I have to meet him. I made a rule years ago that I'd never do celebrity journalism because it's sycophantic and gross. But I would beg to get an assignment to interview Constantine! Calling all editors! Get me five minutes with the guy, just to see the tongue up close.
Of course, he was born the year Bohemian Rhapsody was released, and I have a very clear memory of going to record store to buy the Queen album with my allowance. Plus, I am a newlywed and not supposed to be plotting to meet a man who's thirteen years younger than me. But I can dream, can't I? I'm married, not blind!
Speaking of the husband, Steve had been in Jackson, Mississippi, for the past three weeks doing Mikado. Last Sunday, he was to fly to Dayton, Ohio, for his next gig, stopping for one hour at LaGuardia between connecting flights. As luck would have it, Steve hit the airport agony trifecta:
1. He missed his intial flight.
2. He missed his connecting flight.
3. He lost his luggage (but managed to find it).

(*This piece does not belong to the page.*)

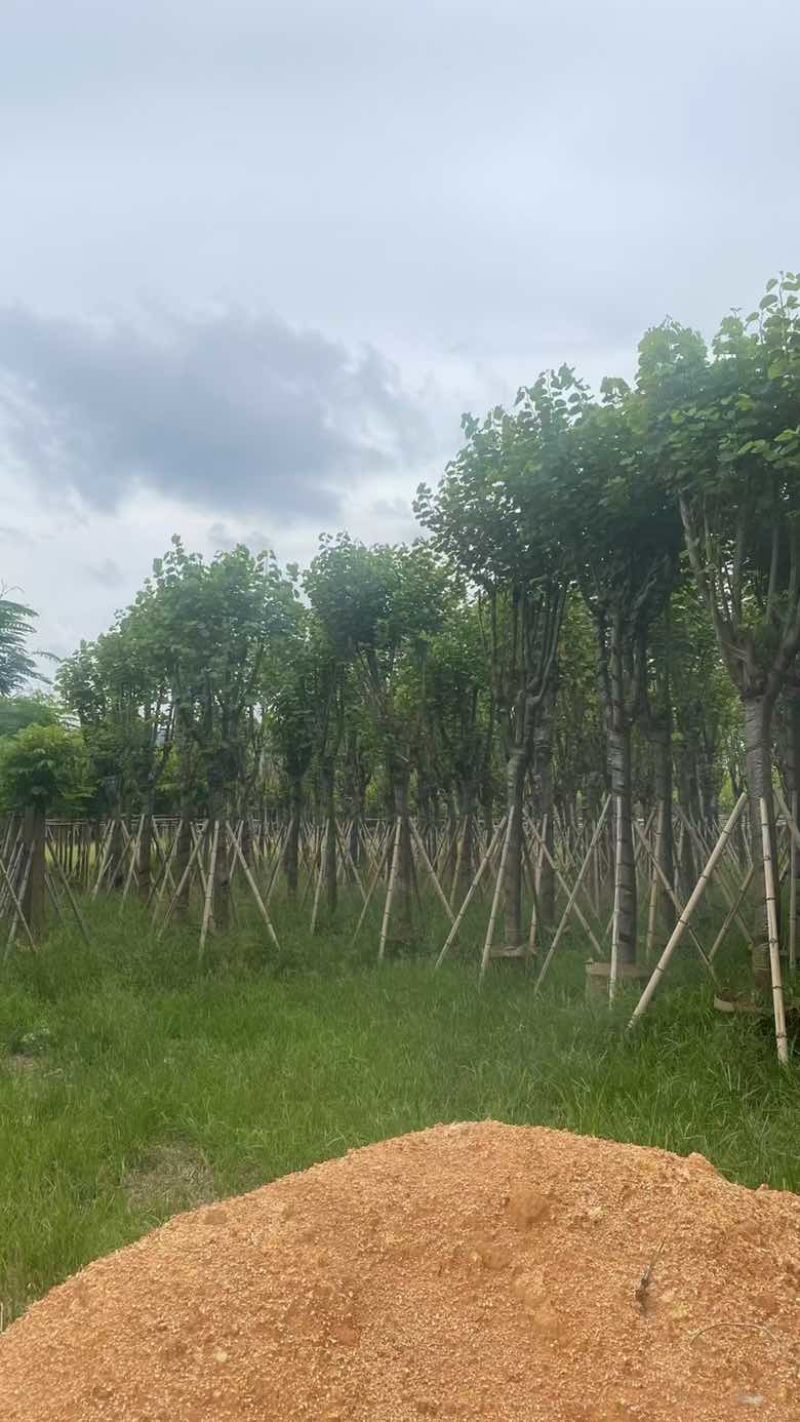 宫粉紫荆骨架7-25分，基地直销，一手货源，大量低价出售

The happy result of all this misery? Steve got to spend the night in New York; the next flight to Dayton wasn't until morning. As I said, we hadn't seen each other for three weeks. We had nine hours. It was a taste of him, a wonderful reminder. And totally unexpected—the best kind of reward. He's gone again, for two more weeks. Sucks.
April 9, 2005
New review of The Girlfriend Curse from Booklist. Here's the bottom line: "Frankel delivers another humorous, crowd-pleasing romp."—Kristine Huntley
Kristine Huntley, you have my thanks and eternal servitude.

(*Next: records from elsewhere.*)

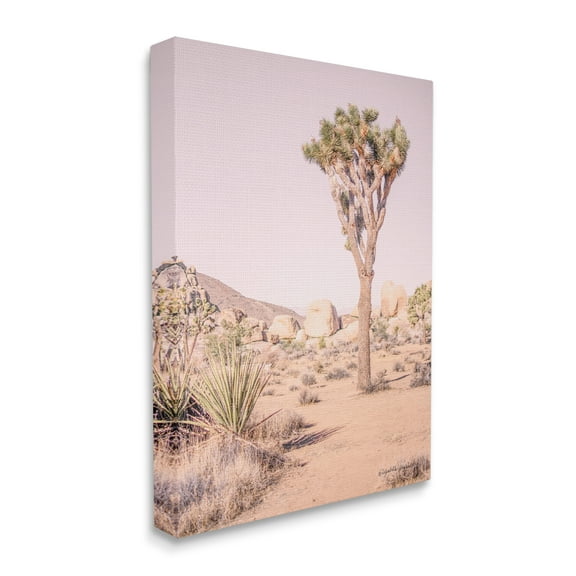Stupell Industries Desert Tree and Agave Plant Sun Bleach Sky Nature Photography Gallery Wrapped Canvas Print Wall Art, 16 x 20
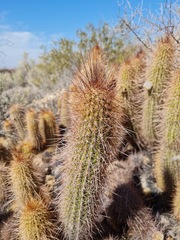Trichocereus strigosus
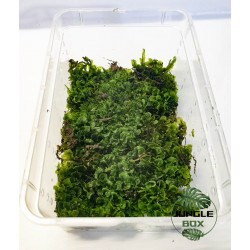 Hepatique aquatic moss box 19x12 cm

My parents took Maggie, my sister plus family and I to see the Metropolitan Opera's new production of Die Zauberflote (The Magic Flute to the non German reading members of the audience). Directed by Julie Taymor (of Broadway's The Lion King fame), the opera was visually, choreographically and musically thrilling. Seriously. I kid you not. I don't take back all the cracks I've made about Steve dragging me to ten hour purgatorial spiels by Wagner, or snoring through endless Italian duet duels. I still groan when I think about the stupefying suicide of Madame Butterfly. But Mozart's music: I got it. I opened my ears and, for the first time, I understood and was moved by the musical story (not just the libretto). Besides which, comedy in German is comedy in and of itself. I urge anyone who can get a ticket to go. Taymor's Magic Flute will be one for the ages. I felt priviledged to be there. Maggie, the little operaphile (Steve is so fucking proud), loved it, too.
April 7, 2005
I got a fantastic surprise phone call just now, from the first roommate I had when I moved to Brooklyn right out of college. She said, "Val Frankel?" I said, "Suzannah Long?" We haven't spoken in probably ten years, but I heard her voice like she was in the next bedroom. We lived in a floor-thru in Park Slope. I was directed to the place by a friend of a friend, and had never met Suzannah before, but we became instant best friends, and had many hazy, foggy experiences as early twentysomethings in New York. She fled to the West Coast 16 years ago, that bitch. But Suzannah was always into natural beauty, in setting and men. Anyway, so EXCELLENT to hear your voice, darlin. I am loving you more than any person can love another.
April 6, 2005
Woke up today, sunshine, warm air. Felt much better. I have a lunch with Carrie Feron, my book editor at Avon, to discuss The Good Witch. I'm pretty confident about the manuscript. Carrie is an excellent editor and we are almost always in sync.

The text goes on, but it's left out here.